Calling Israel's Bluff: Hamas Offers Truce, Israel Rejects Peace

by Zionist Extremism Key Impediment to Peace Tuesday, Apr. 29, 2008 at 6:31 PM

Israeli and American Extremists engineered this 'crisis', in order to undermine the ELECTED representatives of the Palestinians, and do not want it stopped. However, if Israel continues to reject peace, the world is going to start publicly debating these facts, as well as the fact that it is the Palestinians who have no 'partner for peace'.


What about a complete halt to attacks by Israel against HAMAS? These attempts at peace always break down because Israel will demand HAMAS cease fire, but continue to attack Palestinians, such as the 2006 Gaza Beach Massacre, under Operation First Rain, which reignited the conflict.

Hamas offers Gaza truce with Israel
Thu Apr 24, 2008 11:32am EDT
By Jonathan Wright

CAIRO (Reuters) - Hamas leaders handed over on Thursday proposals for a truce with Israel in the Gaza Strip, with a timetable for extending it to the West Bank, at a meeting of the Palestinian Islamist group with Egyptian mediators.

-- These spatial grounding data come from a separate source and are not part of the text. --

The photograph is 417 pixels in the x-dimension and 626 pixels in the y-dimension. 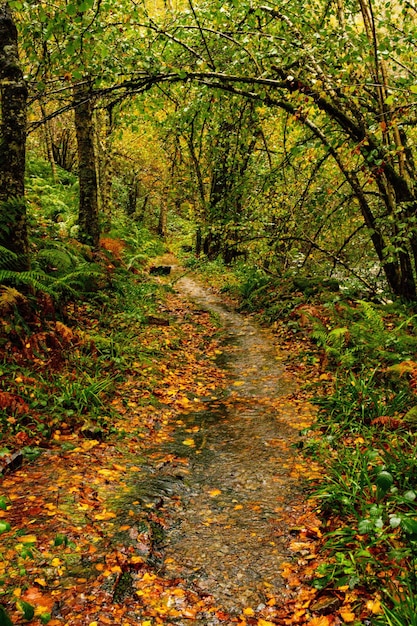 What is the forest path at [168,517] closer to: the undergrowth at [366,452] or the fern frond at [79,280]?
the undergrowth at [366,452]

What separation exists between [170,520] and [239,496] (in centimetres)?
74

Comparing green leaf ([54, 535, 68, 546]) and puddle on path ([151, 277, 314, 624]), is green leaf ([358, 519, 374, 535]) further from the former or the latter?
green leaf ([54, 535, 68, 546])

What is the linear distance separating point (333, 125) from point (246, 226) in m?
2.85

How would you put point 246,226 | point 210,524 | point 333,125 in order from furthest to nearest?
point 246,226 < point 333,125 < point 210,524

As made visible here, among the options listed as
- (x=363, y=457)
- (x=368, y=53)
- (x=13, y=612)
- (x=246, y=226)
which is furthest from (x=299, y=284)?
(x=13, y=612)

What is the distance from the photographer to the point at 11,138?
6.12m

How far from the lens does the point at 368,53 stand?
6.99 m

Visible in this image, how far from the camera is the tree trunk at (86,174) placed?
9.50 m

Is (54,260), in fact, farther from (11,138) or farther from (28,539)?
(28,539)

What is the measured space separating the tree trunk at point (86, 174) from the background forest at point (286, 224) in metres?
0.04

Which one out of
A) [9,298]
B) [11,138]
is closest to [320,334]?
[9,298]

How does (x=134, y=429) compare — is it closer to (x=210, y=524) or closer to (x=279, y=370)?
(x=210, y=524)

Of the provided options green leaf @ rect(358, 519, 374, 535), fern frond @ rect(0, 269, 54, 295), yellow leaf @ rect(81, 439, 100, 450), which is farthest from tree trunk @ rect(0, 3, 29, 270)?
green leaf @ rect(358, 519, 374, 535)

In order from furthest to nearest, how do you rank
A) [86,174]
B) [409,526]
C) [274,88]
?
1. [86,174]
2. [274,88]
3. [409,526] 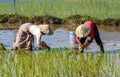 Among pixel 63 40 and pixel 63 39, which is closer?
pixel 63 40

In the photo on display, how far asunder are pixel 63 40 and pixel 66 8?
5.35 meters

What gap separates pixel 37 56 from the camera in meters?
7.99

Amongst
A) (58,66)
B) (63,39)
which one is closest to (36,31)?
(58,66)

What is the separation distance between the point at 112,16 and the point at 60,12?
2207 mm

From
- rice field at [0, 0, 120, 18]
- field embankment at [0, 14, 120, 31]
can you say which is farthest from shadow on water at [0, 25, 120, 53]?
rice field at [0, 0, 120, 18]

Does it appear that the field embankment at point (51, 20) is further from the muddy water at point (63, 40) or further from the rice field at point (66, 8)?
the muddy water at point (63, 40)

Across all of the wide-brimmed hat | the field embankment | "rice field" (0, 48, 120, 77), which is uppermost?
the wide-brimmed hat

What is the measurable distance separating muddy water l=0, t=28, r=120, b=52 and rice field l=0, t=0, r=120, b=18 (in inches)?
93.8

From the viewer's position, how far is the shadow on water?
11617mm

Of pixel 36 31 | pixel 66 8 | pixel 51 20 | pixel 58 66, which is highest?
pixel 36 31

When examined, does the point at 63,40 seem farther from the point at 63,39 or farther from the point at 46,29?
the point at 46,29

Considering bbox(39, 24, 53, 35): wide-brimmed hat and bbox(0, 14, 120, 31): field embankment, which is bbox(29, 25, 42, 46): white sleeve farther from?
bbox(0, 14, 120, 31): field embankment

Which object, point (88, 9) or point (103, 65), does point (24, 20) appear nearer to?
point (88, 9)

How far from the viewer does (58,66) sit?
7594 mm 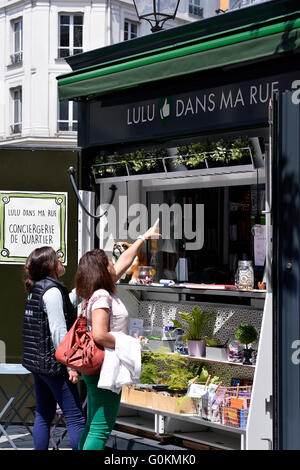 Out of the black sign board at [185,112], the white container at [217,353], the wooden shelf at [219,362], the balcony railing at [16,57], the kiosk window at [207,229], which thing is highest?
the balcony railing at [16,57]

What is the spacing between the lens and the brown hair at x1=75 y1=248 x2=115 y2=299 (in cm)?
517

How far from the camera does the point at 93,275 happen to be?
5184 mm

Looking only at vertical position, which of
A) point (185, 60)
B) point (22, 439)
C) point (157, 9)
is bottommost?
point (22, 439)

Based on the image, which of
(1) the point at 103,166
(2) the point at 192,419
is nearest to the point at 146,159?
(1) the point at 103,166

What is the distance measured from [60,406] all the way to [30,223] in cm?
252

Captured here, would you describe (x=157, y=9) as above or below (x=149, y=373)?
above

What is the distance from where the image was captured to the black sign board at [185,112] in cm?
595

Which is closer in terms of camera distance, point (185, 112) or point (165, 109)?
point (185, 112)

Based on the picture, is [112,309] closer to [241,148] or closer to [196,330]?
[196,330]

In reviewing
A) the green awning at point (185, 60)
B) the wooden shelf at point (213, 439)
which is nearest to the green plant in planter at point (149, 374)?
the wooden shelf at point (213, 439)

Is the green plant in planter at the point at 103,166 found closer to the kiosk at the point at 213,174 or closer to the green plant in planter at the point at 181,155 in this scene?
the kiosk at the point at 213,174

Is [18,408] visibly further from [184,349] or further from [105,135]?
[105,135]

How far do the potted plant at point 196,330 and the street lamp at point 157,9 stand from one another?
114 inches
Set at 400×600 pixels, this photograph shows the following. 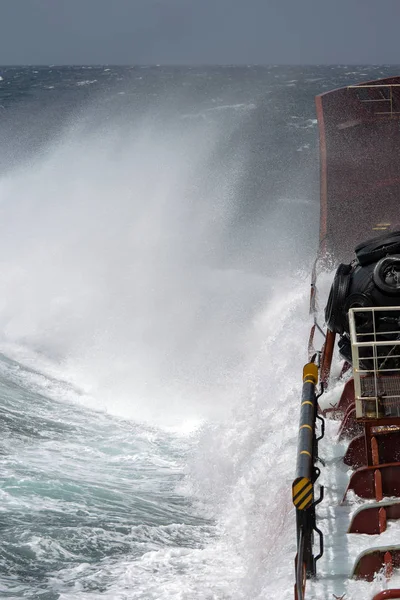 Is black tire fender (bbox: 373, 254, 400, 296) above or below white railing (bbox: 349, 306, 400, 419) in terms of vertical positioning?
above

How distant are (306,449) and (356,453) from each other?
2.44m

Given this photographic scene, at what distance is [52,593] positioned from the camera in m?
8.38

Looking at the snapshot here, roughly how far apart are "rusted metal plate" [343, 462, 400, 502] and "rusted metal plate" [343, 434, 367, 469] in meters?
0.92

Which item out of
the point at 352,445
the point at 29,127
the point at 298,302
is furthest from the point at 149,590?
the point at 29,127

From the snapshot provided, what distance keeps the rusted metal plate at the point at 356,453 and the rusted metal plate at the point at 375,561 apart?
2572 millimetres

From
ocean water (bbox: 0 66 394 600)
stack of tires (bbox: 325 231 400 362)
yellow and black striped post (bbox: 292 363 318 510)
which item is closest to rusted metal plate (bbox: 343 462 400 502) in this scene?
ocean water (bbox: 0 66 394 600)

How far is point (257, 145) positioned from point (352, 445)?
123ft

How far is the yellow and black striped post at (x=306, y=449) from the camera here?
6266 mm

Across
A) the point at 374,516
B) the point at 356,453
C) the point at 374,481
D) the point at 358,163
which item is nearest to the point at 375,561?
the point at 374,516

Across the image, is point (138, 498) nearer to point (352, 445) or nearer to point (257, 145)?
point (352, 445)

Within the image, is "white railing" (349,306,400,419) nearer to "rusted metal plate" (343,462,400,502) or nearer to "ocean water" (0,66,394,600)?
"rusted metal plate" (343,462,400,502)

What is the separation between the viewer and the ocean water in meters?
9.20

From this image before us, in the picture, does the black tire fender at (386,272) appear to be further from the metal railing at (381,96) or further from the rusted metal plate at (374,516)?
the metal railing at (381,96)


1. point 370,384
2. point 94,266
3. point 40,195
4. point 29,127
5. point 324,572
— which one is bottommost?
point 324,572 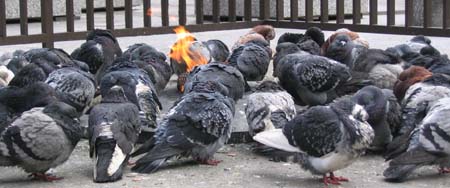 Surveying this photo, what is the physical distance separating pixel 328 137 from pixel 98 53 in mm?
4086

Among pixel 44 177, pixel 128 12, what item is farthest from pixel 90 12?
pixel 44 177

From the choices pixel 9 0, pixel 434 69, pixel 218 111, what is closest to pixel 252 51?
pixel 434 69

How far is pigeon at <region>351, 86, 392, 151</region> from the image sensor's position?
697 cm

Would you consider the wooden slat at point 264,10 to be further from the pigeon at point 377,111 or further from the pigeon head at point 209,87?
the pigeon at point 377,111

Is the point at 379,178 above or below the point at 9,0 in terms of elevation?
below

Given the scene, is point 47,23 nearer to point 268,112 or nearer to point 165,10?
point 165,10

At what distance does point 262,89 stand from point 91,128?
5.37 feet

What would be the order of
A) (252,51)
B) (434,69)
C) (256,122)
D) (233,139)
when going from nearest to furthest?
(256,122), (233,139), (434,69), (252,51)

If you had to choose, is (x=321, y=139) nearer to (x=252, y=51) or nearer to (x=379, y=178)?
(x=379, y=178)

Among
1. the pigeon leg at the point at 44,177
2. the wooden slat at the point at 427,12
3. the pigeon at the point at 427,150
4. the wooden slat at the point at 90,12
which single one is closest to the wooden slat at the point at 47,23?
the wooden slat at the point at 90,12

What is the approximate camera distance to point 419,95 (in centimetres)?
749

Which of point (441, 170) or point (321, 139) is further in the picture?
point (441, 170)

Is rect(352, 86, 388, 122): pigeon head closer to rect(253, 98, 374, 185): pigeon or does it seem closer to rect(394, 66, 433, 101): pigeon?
rect(253, 98, 374, 185): pigeon

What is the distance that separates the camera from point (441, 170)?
22.1ft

Former Palestinian Foreign Minister Mahmoud el-Zahar and former Interior Minister Saeed Seyam held talks with Egyptian intelligence chief Omar Suleiman, Egypt's main contact with the Palestinian Islamist (Why is the Israeli Government never noted as a Zionist movement?) movement Hamas and Israel, the Egyptian state news agency MENA said.

A Palestinian official close to the talks said the Hamas delegation would tell Suleiman it is prepared to accept the idea of a staged truce, starting with Gaza only.

"Hamas's position is that they agree to a calm in Gaza and the West Bank but it would begin in Gaza at this stage and then apply to the West Bank after an agreed and specified period of time," said the official, who declined to be named.

Hamas, which controls Gaza but has prominent members resident in the West Bank, has previously insisted that a truce should begin and apply at the same time to both areas.

Israel said it was ready for "quiet" at the Gaza border, but that it would require a complete halt to attacks by Hamas on Israelis, a stop to cross-border rocket fire from all Palestinian groups and an end to weapon smuggling into Gaza.

"We can't have a period of quiet that will just be the quiet before the storm," said Mark Regev, spokesman for Israeli Prime Minister Ehud Olmert.

The Palestinian official said Hamas made any truce conditional on Israel opening all of Gaza's border crossings and halting military action in the territory.

The elected group had backing from other Palestinian militant factions in the enclave, he added.

ISRAELIS SCEPTICAL

Egypt would relay Hamas's proposal to Israel in the coming days, he added. Israeli officials said they were skeptical about the chances of reaching a ceasefire in the Gaza Strip.

(This is because they engineered this 'crisis', and don't want it to end.)

"We are not holding our breath," a senior Israeli official said. "We certainly don't want Hamas to have an interval to get stronger."

Israel has said it is not negotiating a truce with Hamas but would have no reason to launch attacks on the Gaza Strip if rocket fire from the territory ceased. But it says it reserves the right to take military action to protect its citizens.

(However, Israel planned attacks on Gaza long before any rockets, which Israel's own defence staff warned would result from Israel's imposition of Collective Punishment on Gaza.)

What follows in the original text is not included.